Pois o que quero “pegar” com a linguagem, afinal, tem a mesma substância daquilo que os galgos aspiram. E que não é a vitória propriamente, mas a saciedade. O que interessa, pelo menos no plano teórico, é o processo, visto como uma estratégia de busca e apreensão.
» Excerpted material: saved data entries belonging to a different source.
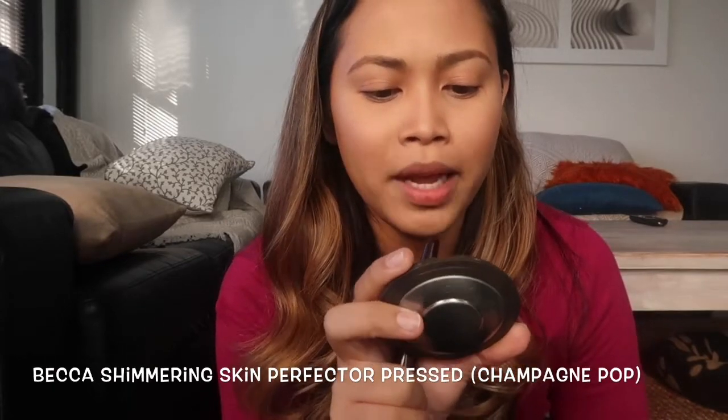Next is highlighter — my favorite thing ever. It makes your skin really glow so even at the end of the day your skin has a shimmer. The best highlighter for me, aside from the Charlotte Tilbury one, is the Becca Champagne Pop. I put it on the high points and also the middle of my nose and my cupid's bow.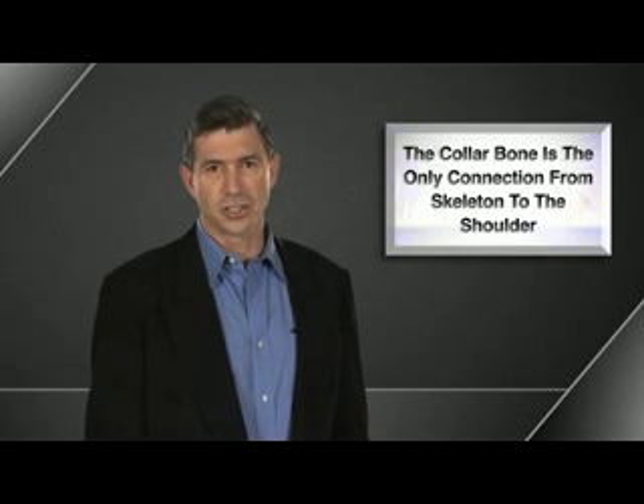Now we're going to talk about clavicle fractures. But in order to talk about clavicle fractures, we must talk about the clavicle. The clavicle, or the collarbone, is the only connection to the axial skeleton.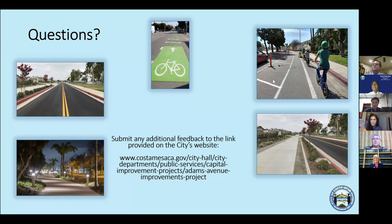Councilman Renoz added that he's here to hear public input. Having started biking more around the city, he has come to recognize that people who walk and bike on these streets have really important insights that the design team needs to hear. He encouraged participants not to be shy.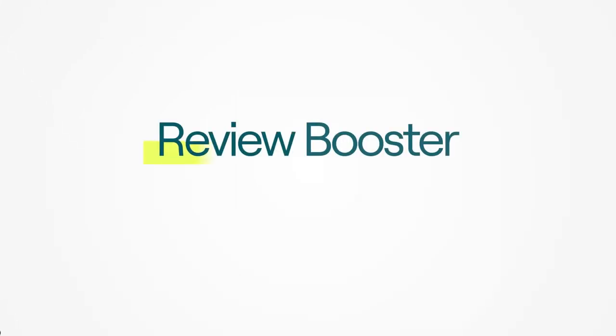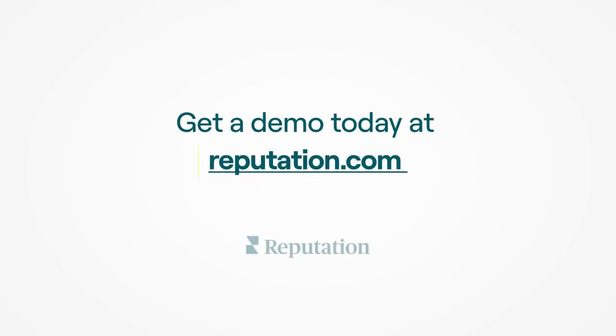With Review Booster, quickly build up your brand's online reviews to gain visibility and win customers. Get a demo today at reputation.com.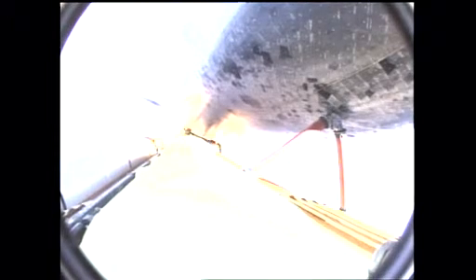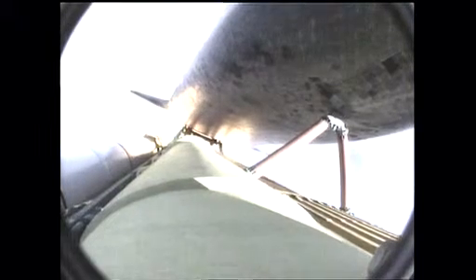Three engines now throttling down as Endeavour passes through the area of maximum dynamic pressure on the vehicle in the lower atmosphere. Approaching one minute into the flight. Endeavour, go at throttle up. Roger, go at throttle up. Endeavour's three main engines now back at full throttle, all three engines in good shape. Endeavour's already traveling 1,300 miles per hour at an altitude of 11 miles downrange from the Kennedy Space Center, now 12 miles.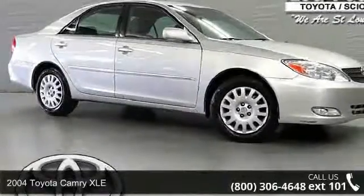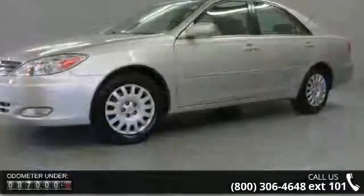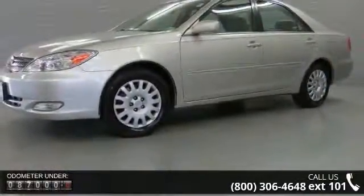Imagine yourself in this 2004 Toyota Camry XLE. This may be the set of wheels you've been looking for. This vehicle comes with a reliable 4-cylinder engine, connected to a smooth shifting automatic transmission.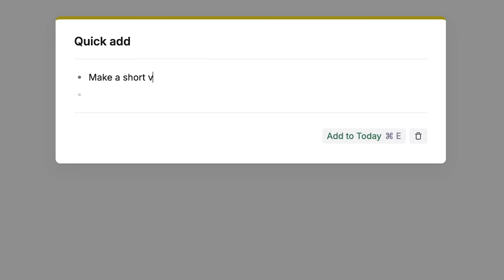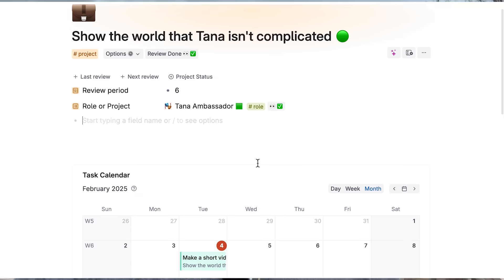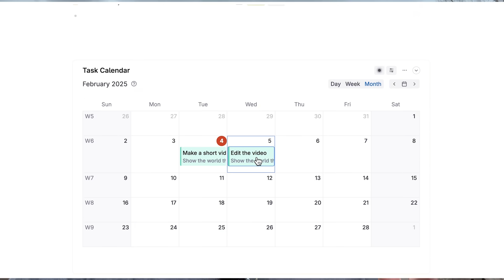But here is the secret: almost anything in TANA boils down to just three things. Capture what matters using super tags and fields. Surface it when you need it with smart searches. And let TANA do the heavy lifting. Once you master these fundamentals, the learning curve disappears.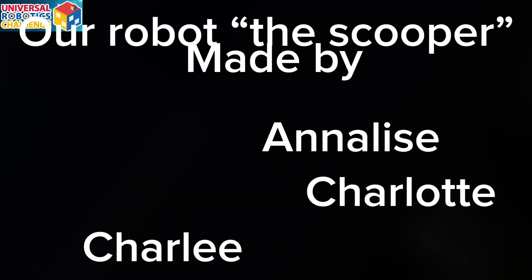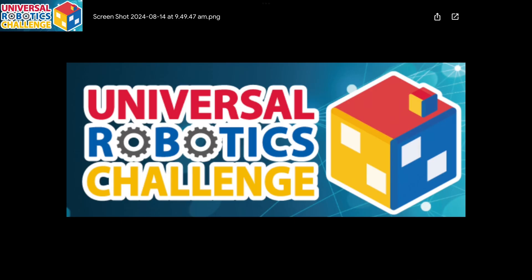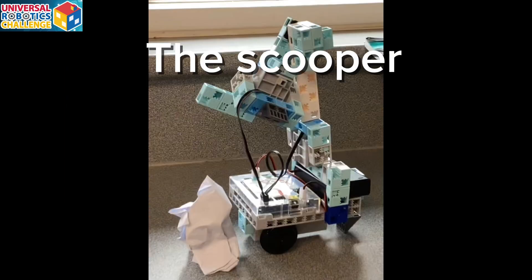Hi, I'm Annalise. I'm Charlotte. And I'm Charlie. This is our robot.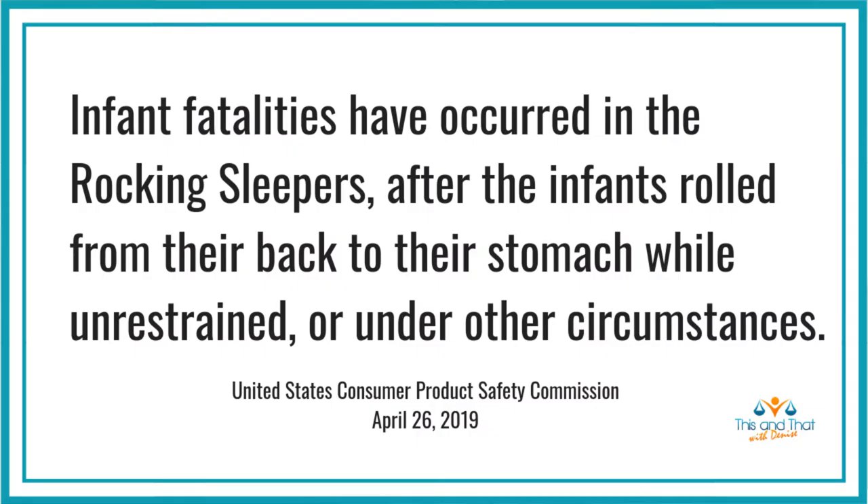According to Kids 2, these deaths occurred when babies rolled from their back to their stomach while unrestrained or from other circumstances. What usually happens in these situations is that babies are just beginning to learn to roll over. They roll over onto their stomach, get their little noses and mouths pressed up against the soft material in the sleeper, and they're unable to roll back — and so they suffocate.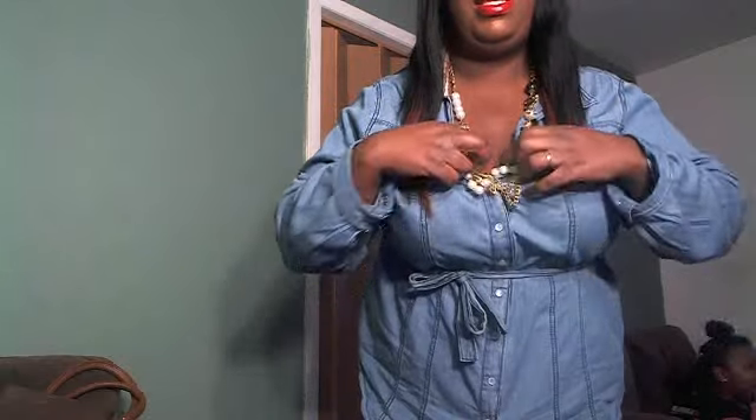Hey guys, it's your girl Kiki D and I'm back today with an outfit of the day. This is the outfit. I'm wearing this denim blue tunic long sleeve and it has the buttons and a little strap to tie, and I tied it to the side. I have this multi-layered necklace and little earrings. I'm pairing it up with some black leggings that I got from Forever 21, and the top is from Strawberry department store.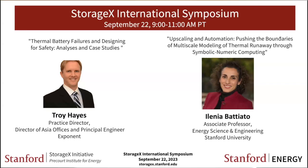Good morning everyone. My name is Jimmy Chen and I'm the Managing Director of StorageX. We have a fantastic symposia today around a very important topic: thermal runaway and batteries, with a fantastic duo giving you a perspective from both industry and from some of the latest modeling developments available to tackle such complex phenomena like thermal runaway in batteries.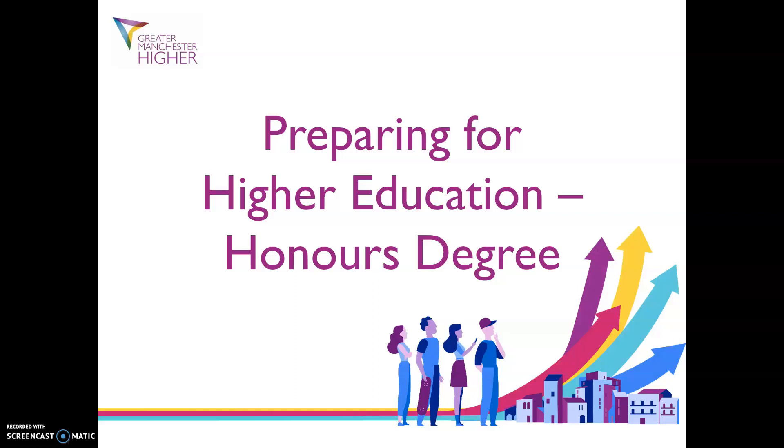Hi, I'm Hannah and I'm an Outreach and Widening Participation Officer from Greater Manchester Higher. We work with schools and colleges in Greater Manchester providing information, advice and guidance about higher education.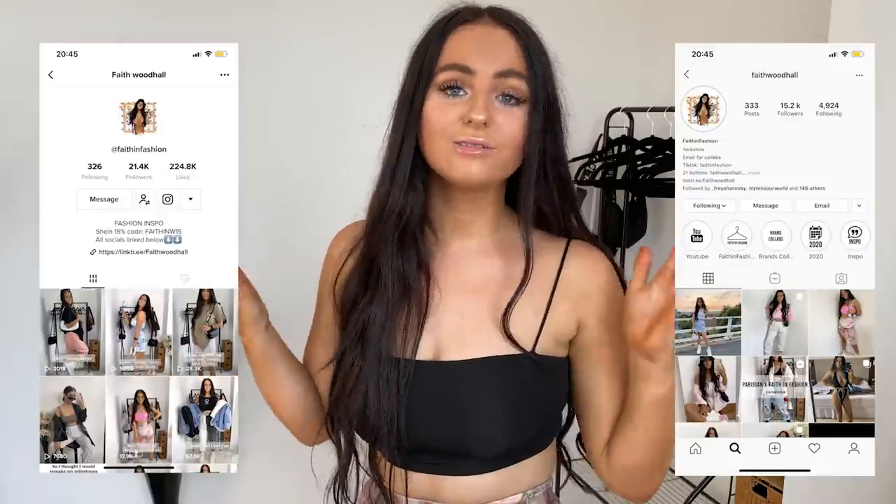Hi guys, it's Faith, otherwise known as Faith in Fashion, and I'm here with another huge Shein haul for you. I decided to pick up some more bits from Shein as it is my favourite brand ever. I actually have my own discount code as well, which is Faith in W15 — I'll link it below so you can get 15% off if you wanted to order anything.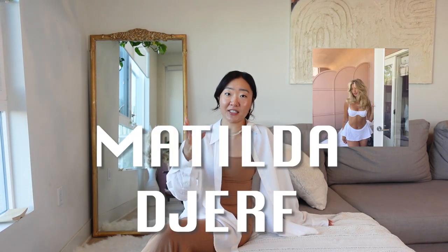Hey besties! It's your girl Jennie and today we have another summer try-at-home. Today we are featuring everyone's favorite it girl, Matilda Durf.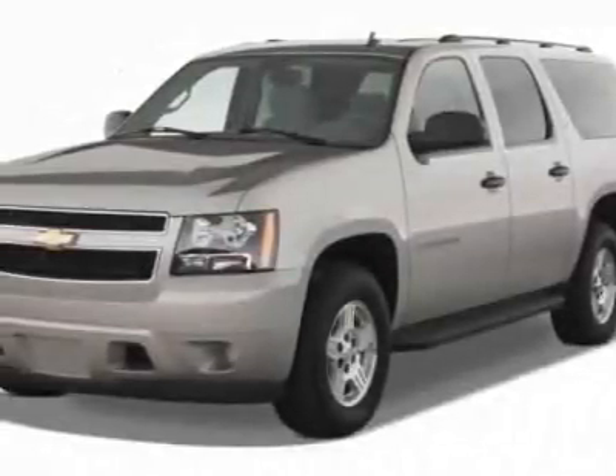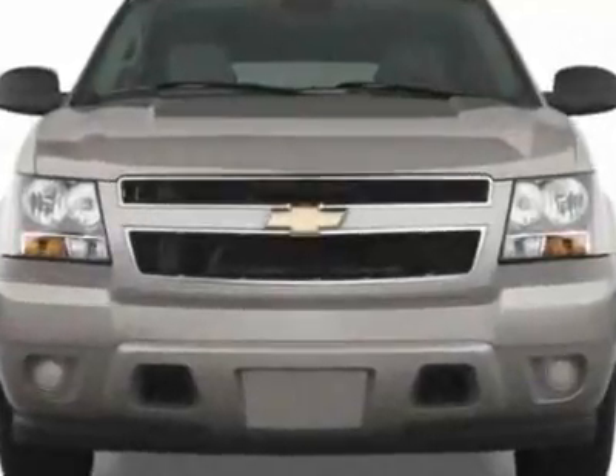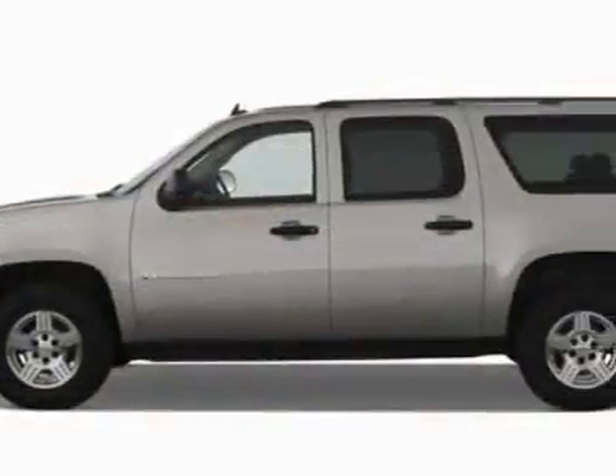Check out this new 2011 Chevrolet Suburban. For your protection, this vehicle has a full factory warranty. This vehicle gets 15 miles per gallon in the city and 21 on the highway.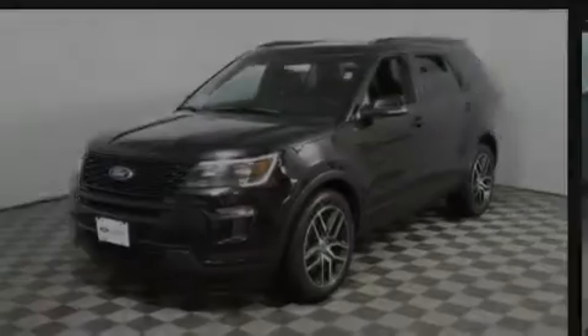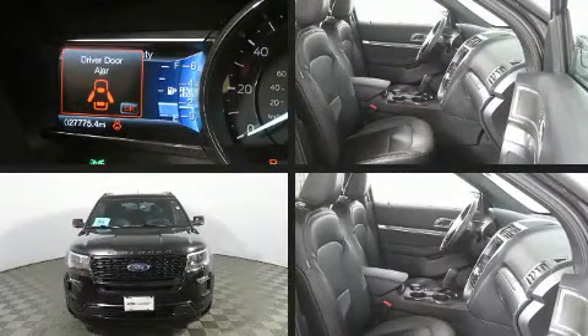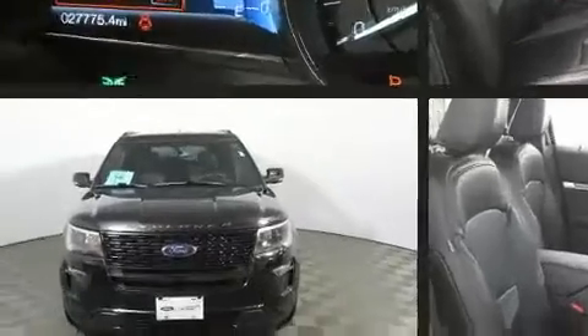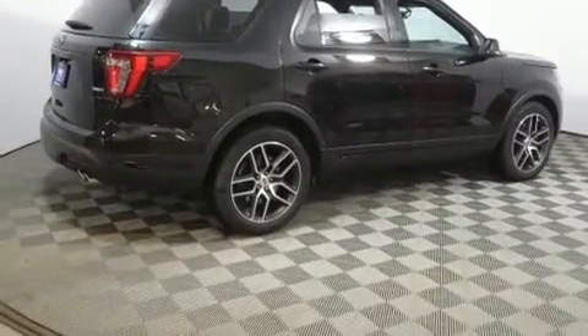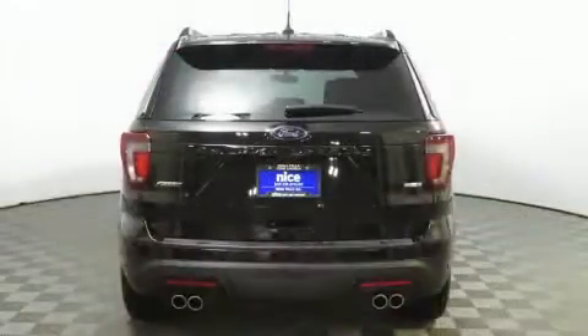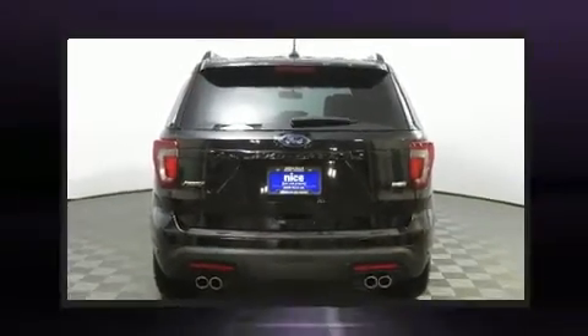Discerning drivers will appreciate the 2019 Ford Explorer. With less than 30,000 miles on the odometer, this four-door sport utility vehicle prioritizes comfort, safety, and convenience. It features four-wheel drive capabilities, a durable automatic transmission, and a 3.5-liter six-cylinder engine. A turbocharger further enhances performance while also preserving fuel economy.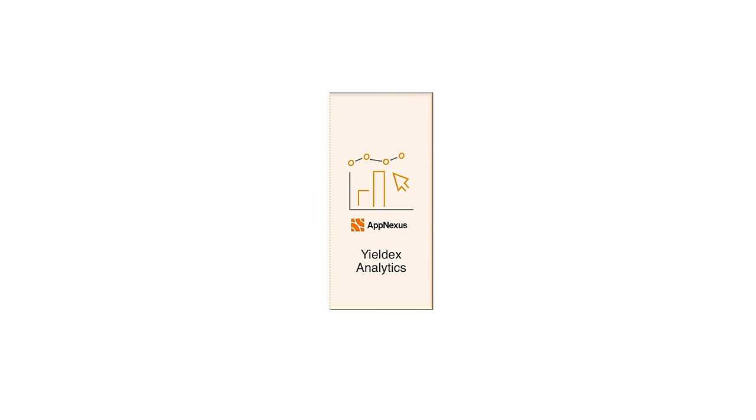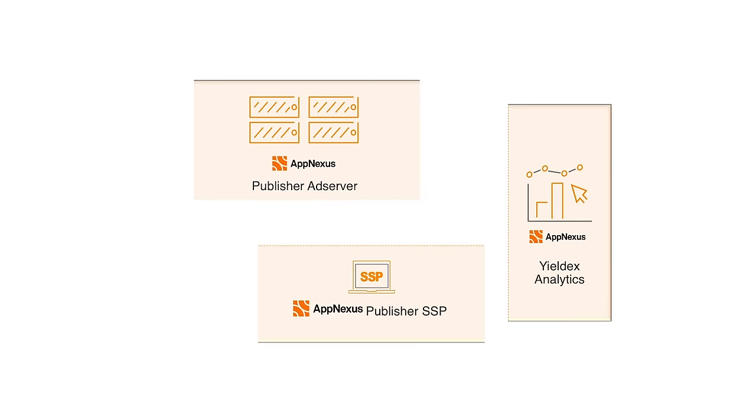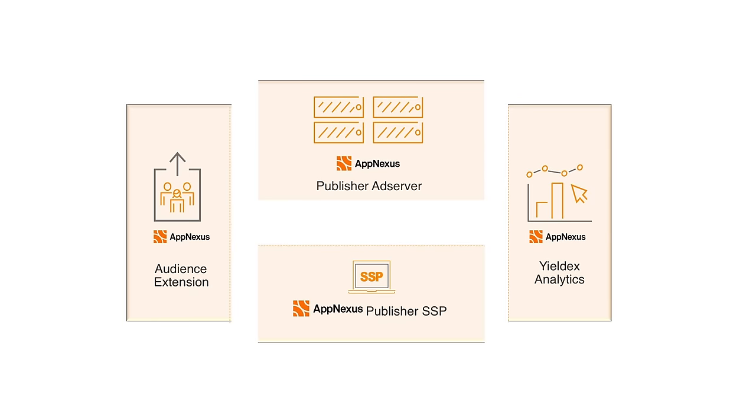The Publisher Suite enables publishers to marry both sophisticated forecasting and analytics with open, dynamic allocation across all their sources of demand to truly maximize their yield.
A tentativa, aqui, vale tanto quanto o tento; talvez porque tenho o entendimento que os galgos não possuem: a de pensar e esperar que um dia a engrenagem que leva o cheiro da lebre imaginada pode quebrar e parar.
Se assim for, contudo, será isso desejável?
Armando Freitas Filho

2 comments:

Aníbal Cristobo said...

Muito obrigado, Carlito, mas isso tudo nao lhe tira a responsabilidade de estar me devendo seu material... rs... acho legal esse encontro que "as escolhas..." acaba propiciando. (se tal palavra existe em portugues... rs... pelo menos, em portunhol ela é perfeita) Uma coisa do tipo, "vamos nos ver no escolhas e tomamos um suco?"... grande abraço,
a.-

Salga Canhotinha de Ouro said...

Armando, agrada-me ser suspeito para falar de vc e sua datilopoesia com gosto de pedra cotidiana... Estou sumido, mas seu livro vai para onde eu for. Assim como sua amizade.